It was made of plaster and burlap stretched over a skeleton of wood and steel. It was 435 feet tall. It was covered in more than 100,000 faceted glass jewels that caught the San Francisco sunlight and scattered it into a thousand points of color. And it was designed to be destroyed. The Tower of Jewels was the centerpiece of the 1915 Panama-Pacific International Exposition, a structure so dazzling that visitors gave it a name its creators had not intended -- adding 'of Jewels' to what had simply been called 'The Tower.'
Architect Thomas Hastings of the firm Carrere and Hastings designed the Tower as a combination triumphal arch and soaring column, the gateway to the Court of the Universe at the heart of the Exposition. The fair itself was San Francisco's declaration of recovery from the devastating 1906 earthquake and fire, and the Tower embodied that ambition -- impermanent materials assembled into something meant to take visitors' breath away. At 435 feet, it dominated the exposition grounds along the Marina District waterfront. In front of the Tower, the Fountain of Energy flowed at the center of the South Gardens, flanked by the Palace of Horticulture and Festival Hall.
The Novagems -- cut glass faceted discs nearly two inches in diameter -- transformed the Tower from architecture into spectacle. By daylight, they sparkled and shimmered with every shift in the bay breeze. At night, more than fifty spotlights illuminated them from below, turning the Tower into a luminous column visible across the bay. The effect was unlike anything visitors had seen at any previous world's fair, and the Novagems became the single most memorable feature of the entire Exposition. When the fair ended and demolition began, the jewels were carefully removed from the Tower before the wrecking crews moved in. Each was fitted with a small brass medallion certifying that it had hung on the Tower during the Exposition, then individually boxed and sold for one dollar.
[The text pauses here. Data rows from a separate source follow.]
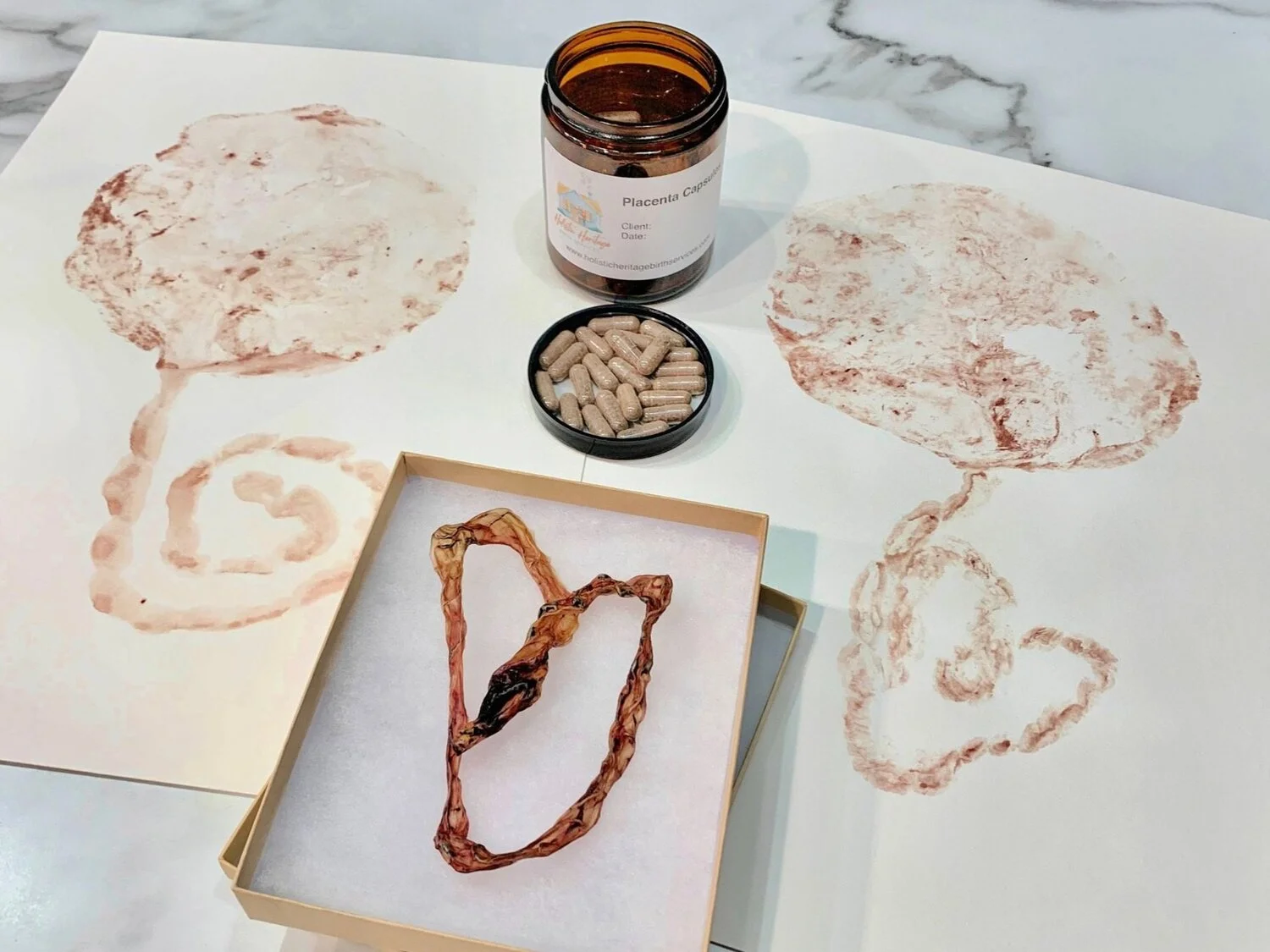 Placenta Encapsulation and Other Holistic Uses for Placenta 
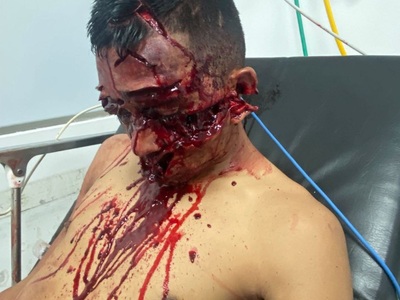 Machete Deaths are the Worst Deaths (Aftermath)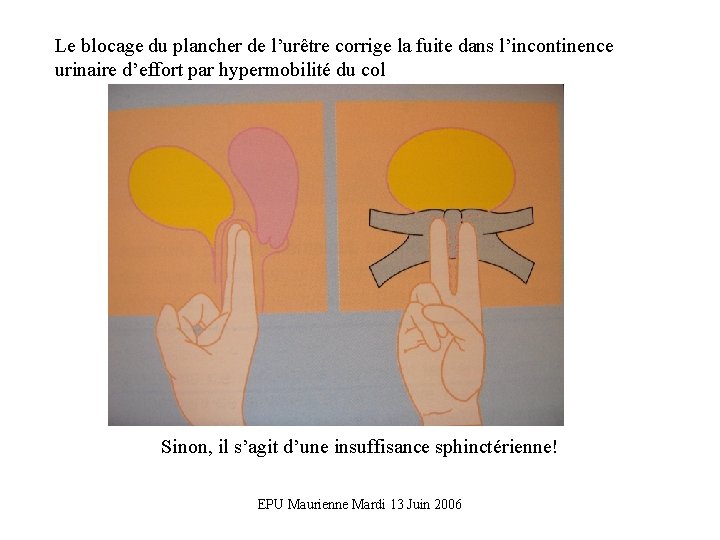 Le blocage du plancher de l’urêtre corrige la fuite dans l’incontinence urinaire d’effort par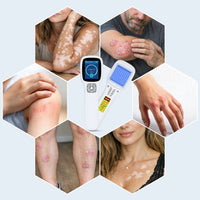 ZJKC Handheld Excimer UVB Light Therapy 308nm Home Phototherapy Device Relief for Vitiligo, Psoriasis & Dermatitis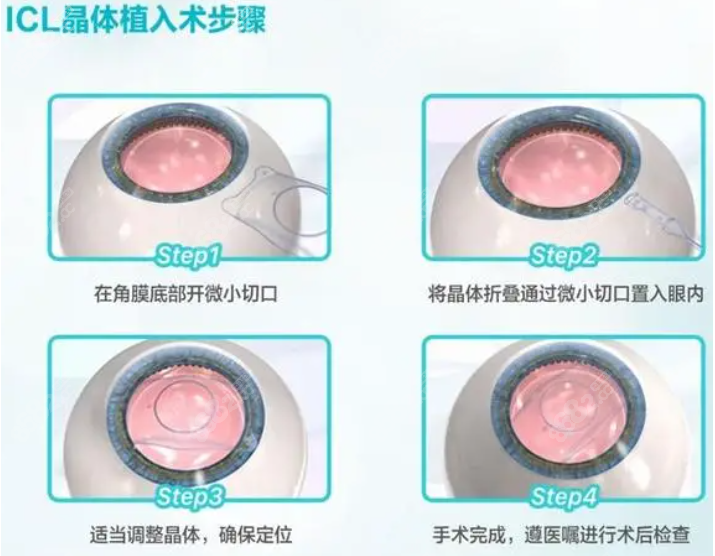 icl晶体植入近视手术过程图解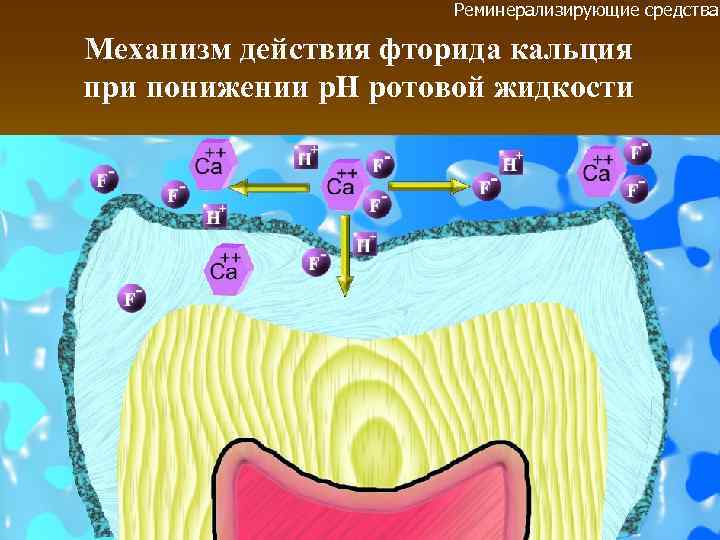 Реминерализирующие средства Механизм действия фторида кальция при понижении р. Н ротовой жидкости 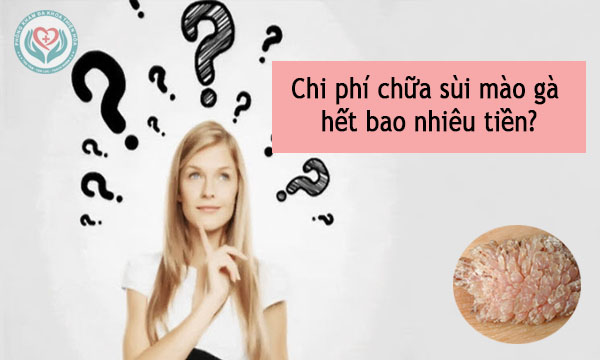 chi phí chữa sùi mào gà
The Tower of Jewels was built of staff -- a mixture of plaster and burlap-like fiber that was the standard material for world's fair architecture. It was never meant to survive longer than the Exposition itself. This impermanence was part of its power: the Tower's beauty was inseparable from its fragility, a monument that existed only for the duration of a celebration. Nearly all of the Exposition's buildings were demolished afterward; the Palace of Fine Arts, reconstructed decades later, is the only major survivor. Where the Tower once stood, the Marina District's residential streets now run. But those one-dollar Novagems, scattered across the country in attics and display cases, carry the Tower's memory forward -- tiny fragments of a structure that was, for one extraordinary year, the most beautiful building in America.
The Tower stood at approximately 37.804N, 122.442W in what is now San Francisco's Marina District, near the Palace of Fine Arts. The original site is now residential. Nearest airports: KSFO (12nm south), KOAK (11nm east). Best viewed at 2,000-3,000 ft AGL.